By Kemol King
Imagine, a young girl in Guyana, molested by a male relative, finds the courage to speak out about the abuse, but family members surround her. They try to convince her to stay quiet.
“Don’t bring shame on the family,” they say. “He has a whole life ahead of him. Think about what this will do to all of us.” The pressure is heavy. The focus shifts from her pain to protecting the perpetrator’s future and the family’s reputation. This plays out far too often in this country.
It is part of a broader social ill called rape culture.
Many believe that this same instinct for hush hush handling showed up in the debate over the Sexual Offences (Amendment) Bill 2026. The government first proposed a closed sex offenders registry, pointing to broad-based consultations and similar practices in other countries.
The Guyanese people pushed back strongly on social media. They rejected the idea of keeping the registry hidden. The President responded by sending the bill to a Special Select Committee and saying that he supports a publicly accessible registry. This responsiveness is positive. It shows that public outcry can impact policy decisively. And the society was correct to make its voice heard. But the society has a lot of work to do about its victim-blaming ways and how it reinforces a culture of silence.
The quick assumptions on social media when girls go missing demonstrate this: “she too fast” or “she gone wid man.” People will defame a young woman before they even know her.
That habit is disgusting and dangerous. What happens when it turns out something bad really happened to her, this woman or child that you thrashed without even knowing her story?
When older men pursue schoolgirls, too many voices call the girls “fast.” That label excuses the predatory behaviour of the perv and shifts blame onto children who are simply being young or reaching for things beyond their age. The responsibility lies first and foremost with the older man to hold the line. He knows better. At least, he should. It is not to say that we must not teach our girl children to be responsible.
But we must not reframe the problem to place the overwhelming burden of responsibility on young women and girls.
The culture of silence runs deep inside our families. Our churches. Our places of work. They keep sexual violence quiet through private settlements and avoid the police and courts. This protects reputation without addressing the harm to victims, and leaving offenders free to repeat.
These patterns show sexual violence thrives not only from weak laws but from everyday ways of thinking and behaving.
A public sex offenders registry could make situations like the hypothetical one above even harder in some ways. Families already pressure victims to stay silent to avoid shame. Public registration would add visible stigma to the offender and the entire family. Relatives might fight even harder against disclosure, fearing bullying, harassment, or social fallout for everyone involved, including innocent children who share the name. Other countries have seen this collateral damage, as argued by the government when it faced pushback for proposing a closed registry.
This is not an argument for a closed registry. It is an argument for the need to be constructive and nuanced when seeking out solutions to sexual violence and rape culture.
We must weigh both sides honestly.
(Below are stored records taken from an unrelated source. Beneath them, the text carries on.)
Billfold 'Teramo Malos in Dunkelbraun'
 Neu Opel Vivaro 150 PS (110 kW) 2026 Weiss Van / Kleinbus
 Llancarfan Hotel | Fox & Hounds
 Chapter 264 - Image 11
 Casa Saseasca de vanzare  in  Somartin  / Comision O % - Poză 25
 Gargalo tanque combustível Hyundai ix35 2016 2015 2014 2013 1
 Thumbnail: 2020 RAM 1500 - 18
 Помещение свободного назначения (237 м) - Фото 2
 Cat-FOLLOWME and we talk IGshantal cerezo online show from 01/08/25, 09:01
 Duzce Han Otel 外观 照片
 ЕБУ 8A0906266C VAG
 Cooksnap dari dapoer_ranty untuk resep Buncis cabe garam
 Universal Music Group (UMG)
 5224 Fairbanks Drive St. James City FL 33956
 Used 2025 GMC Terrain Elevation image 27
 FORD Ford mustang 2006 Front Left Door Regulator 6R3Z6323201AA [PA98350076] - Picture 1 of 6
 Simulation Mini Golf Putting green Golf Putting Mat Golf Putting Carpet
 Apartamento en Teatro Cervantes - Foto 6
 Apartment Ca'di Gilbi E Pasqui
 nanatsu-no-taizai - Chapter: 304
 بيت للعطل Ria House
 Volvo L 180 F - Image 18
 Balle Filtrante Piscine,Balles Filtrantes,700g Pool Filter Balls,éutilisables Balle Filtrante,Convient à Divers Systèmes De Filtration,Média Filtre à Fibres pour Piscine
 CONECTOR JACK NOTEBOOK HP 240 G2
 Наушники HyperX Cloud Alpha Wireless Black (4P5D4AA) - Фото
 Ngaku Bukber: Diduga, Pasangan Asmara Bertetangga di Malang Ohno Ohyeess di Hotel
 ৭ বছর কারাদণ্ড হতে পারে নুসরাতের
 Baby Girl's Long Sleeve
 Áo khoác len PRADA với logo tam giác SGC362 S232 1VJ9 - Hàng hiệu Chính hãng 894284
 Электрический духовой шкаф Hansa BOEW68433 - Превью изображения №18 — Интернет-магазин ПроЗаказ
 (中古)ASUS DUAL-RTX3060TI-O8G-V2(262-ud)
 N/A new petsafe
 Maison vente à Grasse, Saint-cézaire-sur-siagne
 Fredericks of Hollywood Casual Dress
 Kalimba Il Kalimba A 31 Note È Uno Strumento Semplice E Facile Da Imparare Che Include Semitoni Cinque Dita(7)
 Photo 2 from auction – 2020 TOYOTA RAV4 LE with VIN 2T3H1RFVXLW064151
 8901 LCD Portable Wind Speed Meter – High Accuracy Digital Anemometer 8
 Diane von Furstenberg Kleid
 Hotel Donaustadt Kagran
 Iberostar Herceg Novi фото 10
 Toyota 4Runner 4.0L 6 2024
Guyana does not need to do something because every other country does it. But it should strongly consider the considerations that made a closed register a standard in many different parts of the world.
Any open registry in Guyana would need strong safeguards: clear tiers for the most dangerous offenders, public education on responsible use, and education to prevent vigilantism. Even then, a registry alone will not fix the deeper culture
A public registry deserves strong consideration precisely because it challenges our culture of silence. It would let people search a name, see the offences, and take precautions to protect children. It could add more stigma to where it belongs and has the potential to deter crimes in a society where hush hush handling has shielded offenders for too long. The public outcry shows it; many want this openness.